I started my 40-year career in community/destination marketing working in “group sales.” I was very good at it but I escaped. I didn’t do it alone. I had help on the “inside.”
I’ve been clean now for nearly 40 years thanks to learning that “sales” never works in isolation like many who are still addicted will have you believe including many who operate or consult for convention hotels and conference centers.
People want to know our secret. How were we able then to rapidly grow three different communities as destinations for visitors including securing their fair market share of the 1 in 10 visitors attending conventions and meetings without holding those communities hostage to “group sales” addiction.
The “intervention” that ultimately brought so much success in community/destination marketing came from an old friend who successfully manages major convention hotels. His job, he told me, was to worry about “today,” and my job was to worry about “tomorrow.”
Disguised by my “holistic” approach to destination marketing, including pioneering the use of research and branding/image, is the fact that in developing three community destination marketing organizations largely from scratch one of my first priorities was to establish a strong group sales effort.
People want to know my secret. How as I able to grow all three destinations to “fair market share”for “conventions and meetings” without staying addicted to “group sales.”
After all, when I started my career, community/destination marketing organizations were known simply as “convention bureaus” and “group sales” was their only activity.
Here are 10 realities that show how our holistic approach to “marketing” enabled us to achieve greater “sales” results than other destinations could:
- It’s always both/and, not either/or. Marketing includes sales and sales requires marketing. Sales is just one of several important marketing activities and overall marketing is a blend of activities, including but unrestricted by, direct sales. Overall marketing includes diagnostics/measurement (aka research), branding (aka image), earned media (aka public relations), paid media (aka advertising), and post-arrival circulation (aka point-of-sale sales).
- Other marketing activities lower the barriers for direct sales. An example is that burnishing Durham’s image by reclaiming assets like Research Triangle Park and dispelling the myth of Raleigh/Durham as one place overcomes barriers that misdirect customers, rob the community of a rotation and otherwise neutralize sales results. Without marketing to clear the way and open doors, sales is just pounding your head on cement.
- Sales is about “harvesting interest” while other marketing activities “plant the seeds and grow the interest” that creates the harvest. Other marketing activities plant the community’s story and get it on lists for consideration by visitors and planners, inhibit over-development of product and cannibalization, provide a platform so hotels and other businesses and facilities can harvest their share and stimulate post-arrival circulation to optimize spending and yield for the community outside the hotel.
- Good sales decisions must be informed by other marketing activities. Uninformed by other marketing activities, direct sales can lead to “big game hunting” for subsidy-laden, mega-events and other poor sales decisions. Informed by research and other marketing activities, sales is less “ego” and more bottom-line driven.

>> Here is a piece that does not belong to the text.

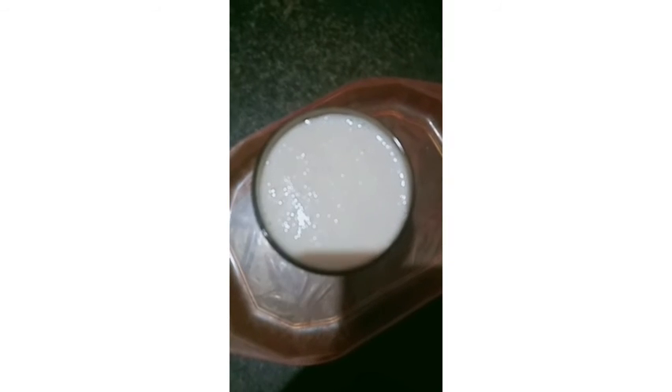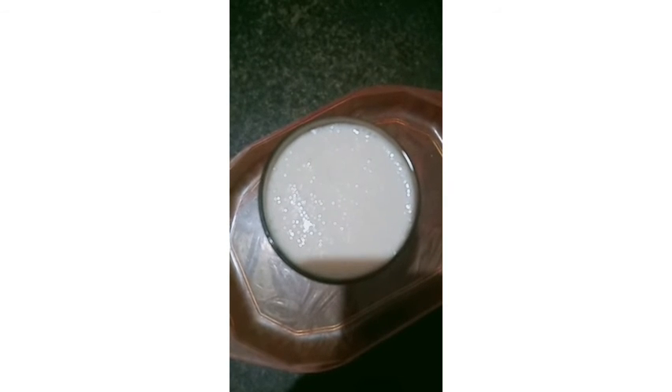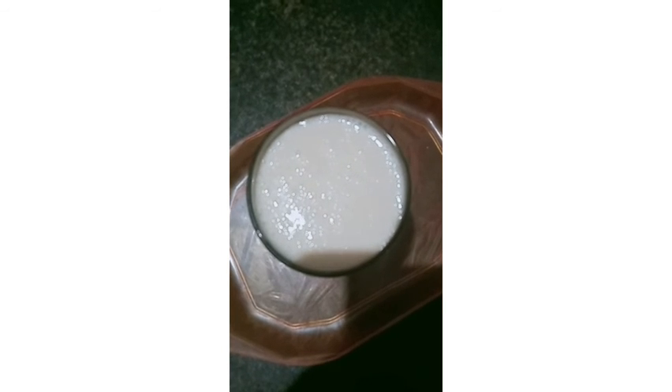Ok friends, we are super duper. Banana milkshake is ready. If you like this recipe, please like, comment and share. Subscribe to our channel. Bye bye!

- Sales may deliver “heads in beds” but good marketing is about optimizing yields with “feet on the street.” While it may be the sole focus of hotels and meeting facilities to harvest “heads into beds,” it is the community and destination marketing organization’s job to put as many “feet on the street” as possible and that requires optimizing the attraction of both overnight and day-trip visitor potential as well as promoting circulation.
- Knowing where you started and benchmarking progress is pivotal to arriving at successful sales. Research as a means to target and qualify prospects is not only integral to optimizing group sales but also to benchmark community-wide against fair market share, diminishing rate of return and when to diversify to other segments.

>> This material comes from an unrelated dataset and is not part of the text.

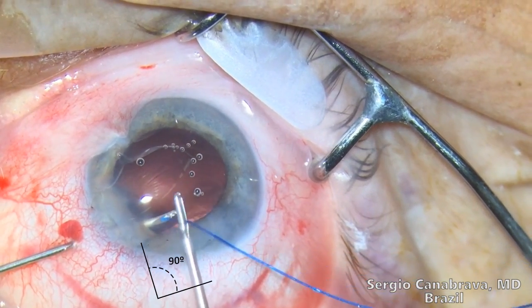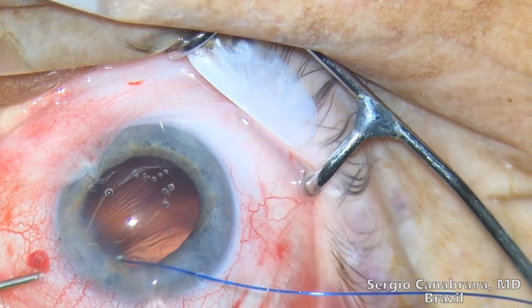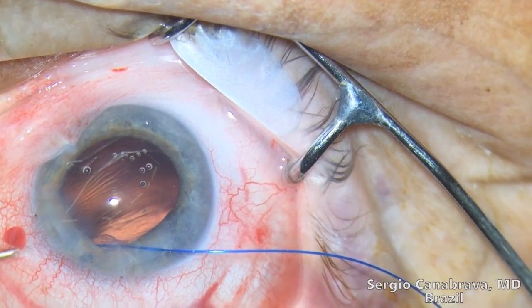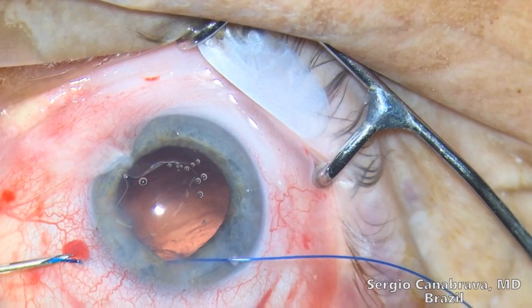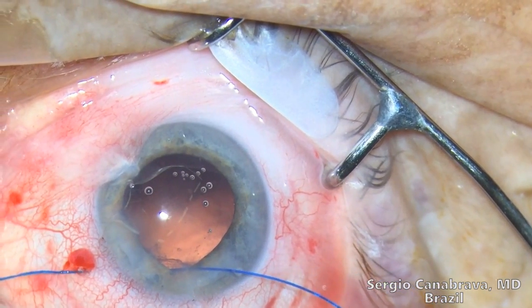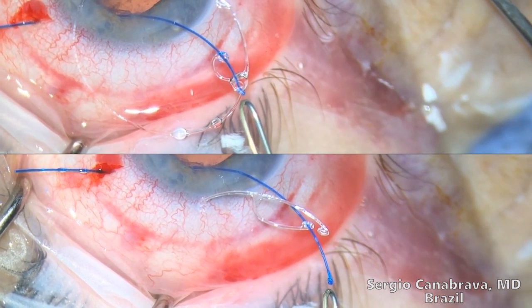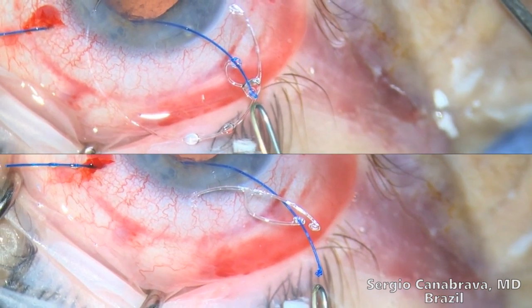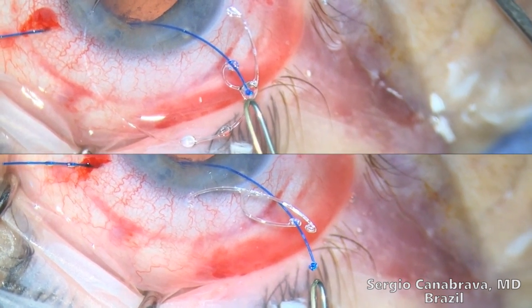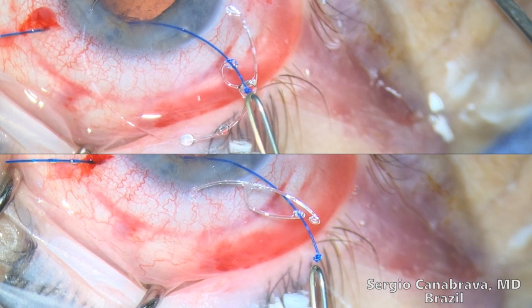Step 3: The needle is used as an external guide of the suture within the sclera. Step 4: The other 5-O polypropylene suture end is placed in the center row of the CTS or the modified CTR, and then heated and shaped into the flange.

- Pitting sales against marketing for resources is very limited, zero-sum thinking. Sales is about the “trees” but it takes overall marketing to first identify the right “forest.” Sales is product focused, “I have this facility and I want you to book it.” Overall marketing is focused on creating and retaining a customer base from which group sales can harvest.

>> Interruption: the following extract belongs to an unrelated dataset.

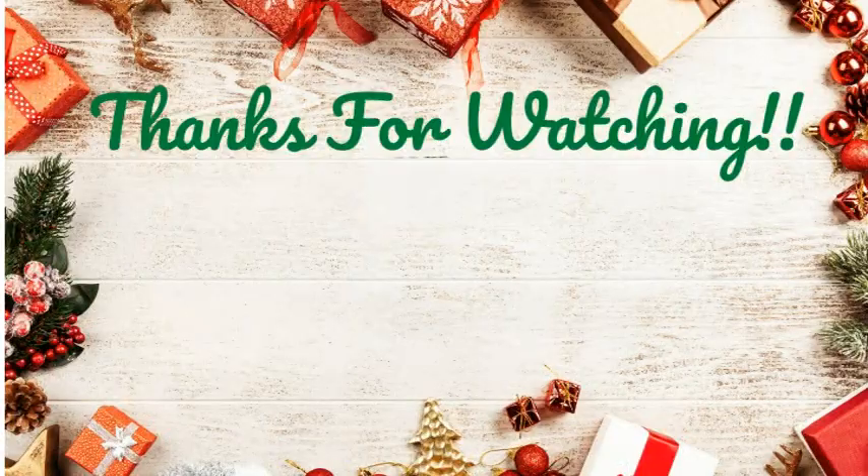I will see you guys in another video later today for Vlogmas Day 8. I can't forget what day it is. I'm going to hop off here and I'll see you guys in another video. Bye, guys. Bye.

- Sales can afford to be generic, overall marketing is about being distinctive and place-based. Uninformed by other marketing activities, direct sales tends to focus on what is generic or similar with the competition. A marketing blend focuses on what’s distinctive and emphasizes place-based or unique attributes.
- Selling of a “community-destination” is more about primary marketing while booking a hotel or meeting facility is secondary. While sales is a good technique to harvest potential for hotels and other meeting facilities, it must be blended with other marketing activities to draw interest in the community/destination overall which is almost always the first decision groups make.
- Sales is prospecting, qualifying, presentation and booking, Sales promotion is micro-marketing. Even group sales require the use of sales promotions which are microcosmic blends of other marketing activities.